----- THE RECORDS
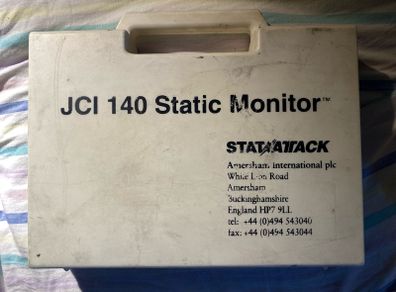 This is a JCI 140 Static Monitor kit by Stat Attack (Amersham International plc), designed to measure surface static voltage in industrial, electronic, or laboratory environments.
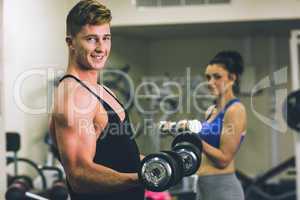 Young man and woman using dumbbells in gym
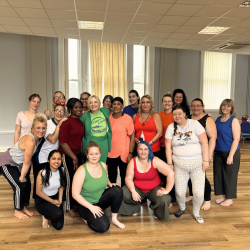 A group of female dancers smiling at the camera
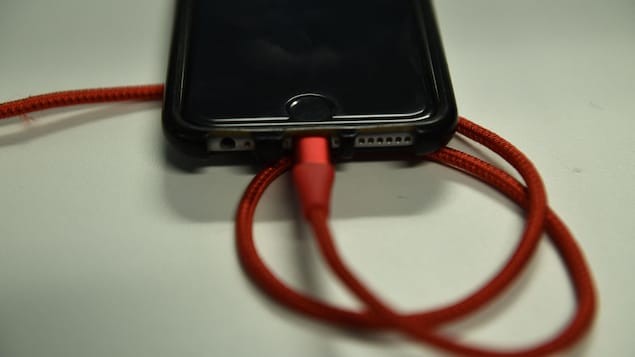 Un fil de chargement rouge est branché dans un iPhone.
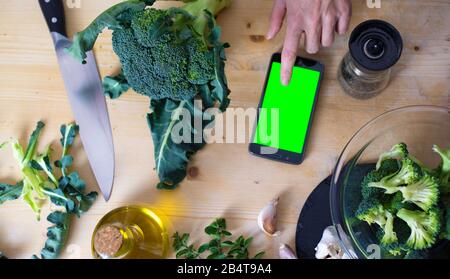 Momenti della vita quotidiana nella cucina mediterranea: Piatto vista della parte superiore della disposizione di una giovane cuoco femminile consultare il suo smartphone con schermo verde vuoto per trovare un Foto Stock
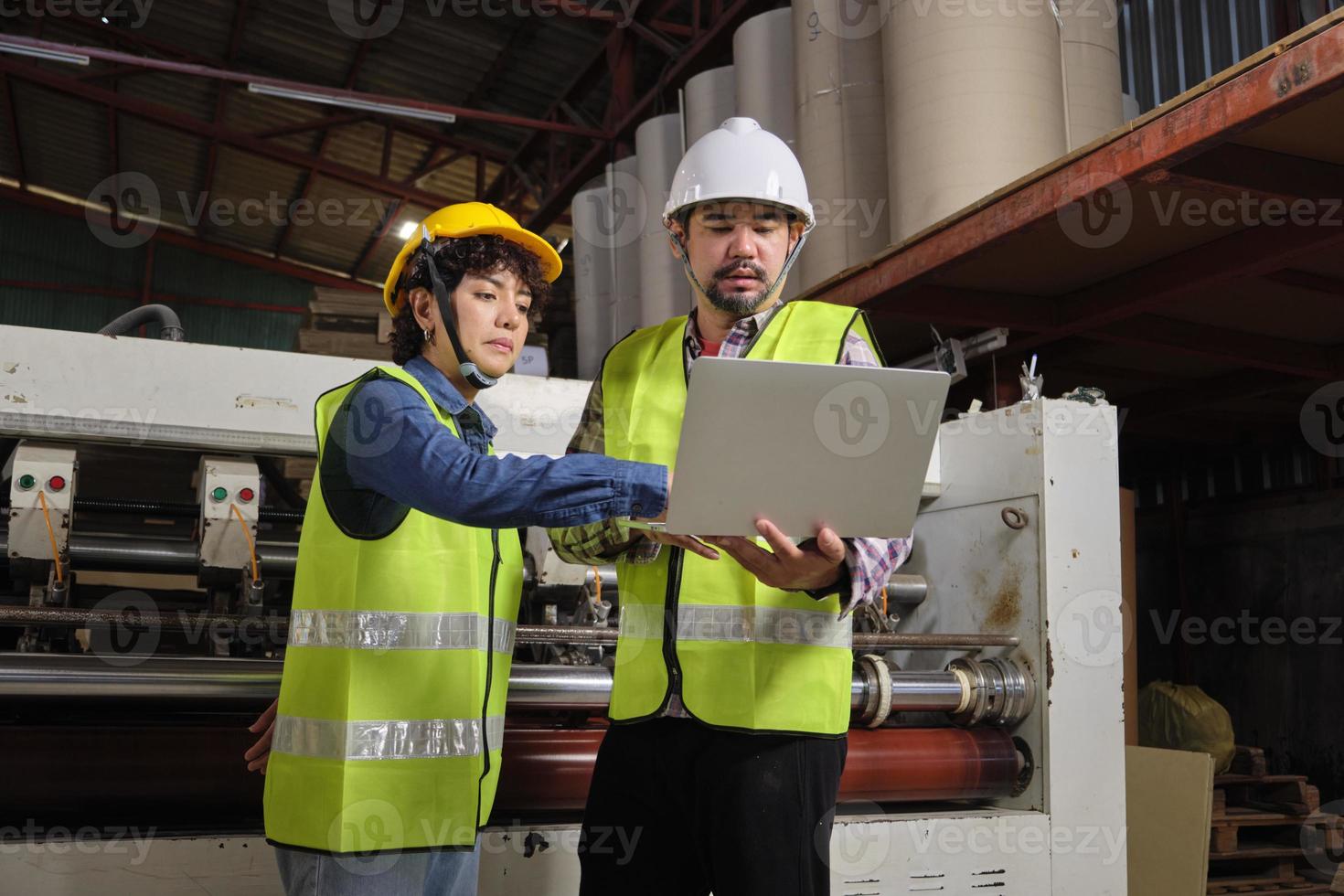 Safety uniform workers and industrial engineers with hardhat use laptop computer to check and control machines. Two professionals work in paper manufacturing factory, maintain production equipment. photo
----------
§ EXERCISE PROMPT:
Write out the records above once more, word for word, with no pictures.

§ RESULT FOR THIS TASK:
 This is a JCI 140 Static Monitor kit by Stat Attack (Amersham International plc), designed to measure surface static voltage in industrial, electronic, or laboratory environments.
 Young man and woman using dumbbells in gym
 A group of female dancers smiling at the camera
 Un fil de chargement rouge est branché dans un iPhone.
 Momenti della vita quotidiana nella cucina mediterranea: Piatto vista della parte superiore della disposizione di una giovane cuoco femminile consultare il suo smartphone con schermo verde vuoto per trovare un Foto Stock
 Safety uniform workers and industrial engineers with hardhat use laptop computer to check and control machines. Two professionals work in paper manufacturing factory, maintain production equipment. photo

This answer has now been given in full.